Plaintiff, proceeding under the pseudonym John Doe, filed a declaratory judgment action against agents of the State, claiming that retroactive application of the 2011 amendments to the Kansas Offender Registration Act, K.S.A. 22–4901 et seq.

(KORA), violated the Ex Post Facto Clause of Article I, § 10 of the United States Constitution (hereafter, Ex Post Facto Clause). The district court granted summary judgment in Doe's favor, finding that while the legislature intended KORA to be a civil statutory scheme, the act was punitive in effect pursuant to the factors identified in Kennedy v. Mendoza–Martinez, 372 U.S. 144, 168–69, 83 S.Ct. 554, 9 L.Ed.2d 644 (1963) (Mendoza–Martinez factors). Consequently, the district court concluded that, because KORA's retroactive application assigned a new punitive measure to a crime already consummated, it violated the Ex Post Facto Clause.

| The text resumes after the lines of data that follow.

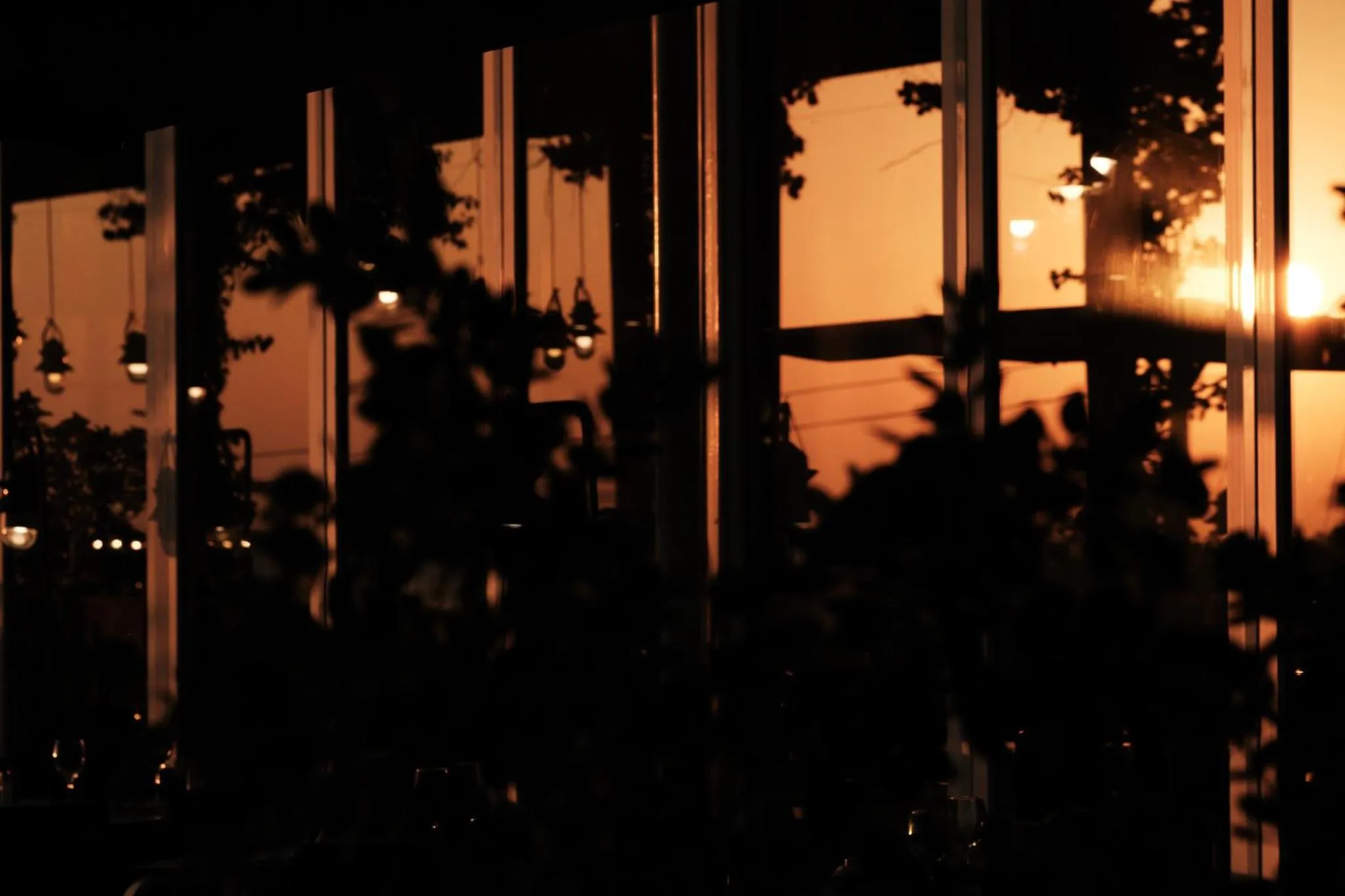 Restaurant/places to eat in Prinsotel La Caleta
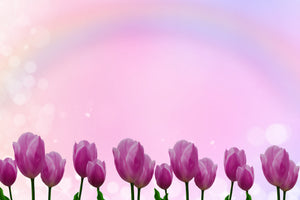 canvas-print-sweet-tulips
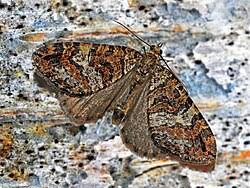 Attēlu rezultāti vaicājumam “Hydriomena furcata”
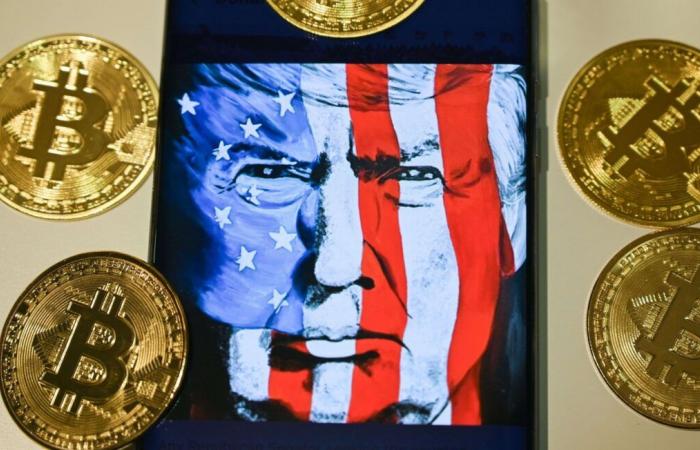 « Shit coin », « une caricature »… Pourquoi il faut se méfier de la cryptomonnaie du président américain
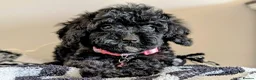 Cavapoochon dogs for sale: Extensively Tested Cavapoochons Fully Vaccinated  - Advert 20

The State appealed the district court's judgment, arguing that the district court erred by (1) refusing to strike inadmissible evidence submitted in support of Doe's motion for summary judgment; (2) taking judicial notice of certain journal articles; and (3) concluding that the KORA amendments violated the Ex Post Facto Clause. In addition, the State complains about the district court's order granting Doe leave to proceed with a pseudonym. We affirm the district court's result.

Factual and Procedural Overview

In 2003, after being charged with inappropriately touching or fondling a 14–or 15–year–old child, Doe pled guilty to and was convicted of one count of indecent liberties with a minor, in violation of K.S.A. 21–3503(a)(1)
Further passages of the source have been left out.